We'd really like to see the inclusion of night and weekend minutes at the minimum, as such a feature has almost become a de facto standard in cell phone plans today. Our focus group participants seemed to agree.
Issues with the plans notwithstanding, everything from the design of the phone to the user interface, and the innovative services that Jitterbug provides is positive. We can say nothing but good things about it. What we do lament, though, is its availability through a single carrier.
So will the Jitterbug have seniors dancing to a different tune when it comes to cellular service?
The Good: The device itself. There's really not much wrong with it at all. It's the first cell phone to actually consider the concerns of a consumer group that so far has been fairly reluctant to buy or use a cell phone. The very positive response from our focus group indicates Jitterbug got it right.
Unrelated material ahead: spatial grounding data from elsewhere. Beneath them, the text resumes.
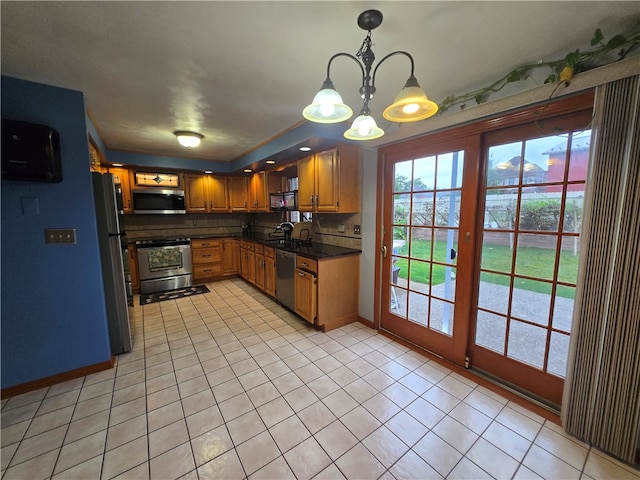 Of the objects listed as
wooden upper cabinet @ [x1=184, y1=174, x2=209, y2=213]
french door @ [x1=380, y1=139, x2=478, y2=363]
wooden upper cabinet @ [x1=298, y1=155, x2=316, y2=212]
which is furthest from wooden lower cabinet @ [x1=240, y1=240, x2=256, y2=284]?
french door @ [x1=380, y1=139, x2=478, y2=363]

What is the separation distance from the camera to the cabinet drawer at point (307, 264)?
9.36 ft

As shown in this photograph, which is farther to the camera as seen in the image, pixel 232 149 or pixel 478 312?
pixel 232 149

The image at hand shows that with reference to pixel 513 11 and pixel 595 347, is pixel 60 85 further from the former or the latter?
pixel 595 347

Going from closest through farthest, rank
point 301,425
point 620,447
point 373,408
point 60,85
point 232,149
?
point 620,447, point 301,425, point 373,408, point 60,85, point 232,149

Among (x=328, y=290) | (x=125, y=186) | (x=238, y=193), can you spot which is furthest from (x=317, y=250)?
(x=125, y=186)

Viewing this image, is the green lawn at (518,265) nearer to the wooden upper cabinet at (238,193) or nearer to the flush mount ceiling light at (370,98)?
the flush mount ceiling light at (370,98)

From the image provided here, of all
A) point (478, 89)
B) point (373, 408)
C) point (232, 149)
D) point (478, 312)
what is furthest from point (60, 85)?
point (478, 312)

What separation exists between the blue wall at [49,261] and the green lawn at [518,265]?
3.01 m

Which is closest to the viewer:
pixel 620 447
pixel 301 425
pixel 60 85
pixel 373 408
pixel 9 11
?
pixel 9 11

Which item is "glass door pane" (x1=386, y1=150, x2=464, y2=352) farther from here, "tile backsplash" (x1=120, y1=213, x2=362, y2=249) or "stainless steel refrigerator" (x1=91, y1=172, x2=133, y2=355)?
"stainless steel refrigerator" (x1=91, y1=172, x2=133, y2=355)

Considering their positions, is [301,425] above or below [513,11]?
below

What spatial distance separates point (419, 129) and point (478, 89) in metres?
0.50

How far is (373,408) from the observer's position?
1799 millimetres

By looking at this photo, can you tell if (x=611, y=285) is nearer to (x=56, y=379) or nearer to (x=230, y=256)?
(x=56, y=379) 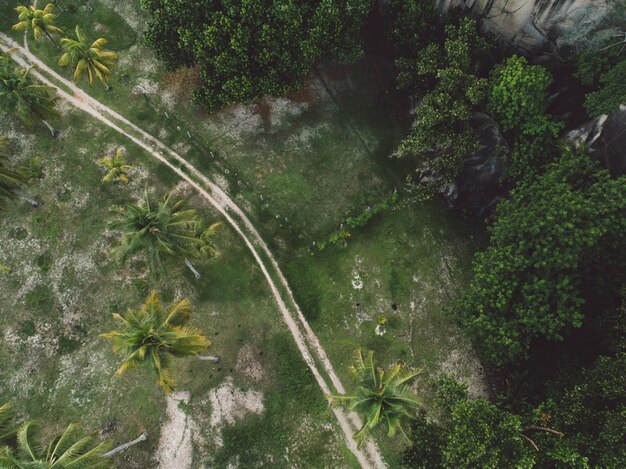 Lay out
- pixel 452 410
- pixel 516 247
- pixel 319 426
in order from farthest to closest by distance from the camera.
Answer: pixel 319 426 < pixel 516 247 < pixel 452 410

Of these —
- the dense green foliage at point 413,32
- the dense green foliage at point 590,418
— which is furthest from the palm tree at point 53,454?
the dense green foliage at point 413,32

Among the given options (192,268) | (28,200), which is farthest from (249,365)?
(28,200)

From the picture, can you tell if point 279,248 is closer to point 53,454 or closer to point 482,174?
point 482,174

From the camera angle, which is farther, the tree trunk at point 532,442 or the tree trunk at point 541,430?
the tree trunk at point 532,442

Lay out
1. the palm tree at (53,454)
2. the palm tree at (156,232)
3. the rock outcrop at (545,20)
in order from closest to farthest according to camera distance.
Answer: the palm tree at (53,454)
the palm tree at (156,232)
the rock outcrop at (545,20)

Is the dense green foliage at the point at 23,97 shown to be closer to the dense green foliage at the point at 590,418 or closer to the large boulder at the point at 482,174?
the large boulder at the point at 482,174

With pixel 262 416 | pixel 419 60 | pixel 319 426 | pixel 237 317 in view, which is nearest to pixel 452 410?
pixel 319 426

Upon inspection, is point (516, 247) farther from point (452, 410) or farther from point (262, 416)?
point (262, 416)
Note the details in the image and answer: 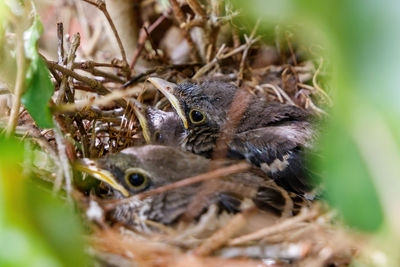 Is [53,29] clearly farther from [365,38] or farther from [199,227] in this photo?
[365,38]

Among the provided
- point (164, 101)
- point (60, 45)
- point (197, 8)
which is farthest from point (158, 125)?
point (197, 8)

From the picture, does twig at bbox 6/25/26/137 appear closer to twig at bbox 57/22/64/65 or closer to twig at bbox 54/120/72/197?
twig at bbox 54/120/72/197

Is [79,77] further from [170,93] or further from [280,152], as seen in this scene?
[280,152]

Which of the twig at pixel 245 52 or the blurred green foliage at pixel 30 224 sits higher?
the twig at pixel 245 52

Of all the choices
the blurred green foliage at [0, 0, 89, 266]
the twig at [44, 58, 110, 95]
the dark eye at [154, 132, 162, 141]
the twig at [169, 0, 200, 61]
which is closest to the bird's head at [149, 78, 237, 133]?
the dark eye at [154, 132, 162, 141]

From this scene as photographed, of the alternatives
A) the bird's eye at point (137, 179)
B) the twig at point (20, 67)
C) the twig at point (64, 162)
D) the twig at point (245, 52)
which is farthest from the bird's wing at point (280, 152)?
the twig at point (20, 67)

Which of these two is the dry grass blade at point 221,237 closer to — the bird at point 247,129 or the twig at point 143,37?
the bird at point 247,129

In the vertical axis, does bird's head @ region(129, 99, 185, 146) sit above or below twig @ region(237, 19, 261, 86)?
below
The Bad: It's CDMA only. It would be really nice if Jitterbug produced a version compatible with GSM, and sold the phone more broadly. The front screen should be a lot bigger as well. We found it to be a bit small and would likely be difficult to read for those with poorer vision. Plans are also a little slim on minutes.
The Bottom Line: We highly recommend this device to those wanting an easy to use cellular phone for either emergencies or everyday use. There are a few things that could be improved, but it's a very good debut for the company. The price is fairly decent as well. Jitterbug has definitely produced a top-notch product.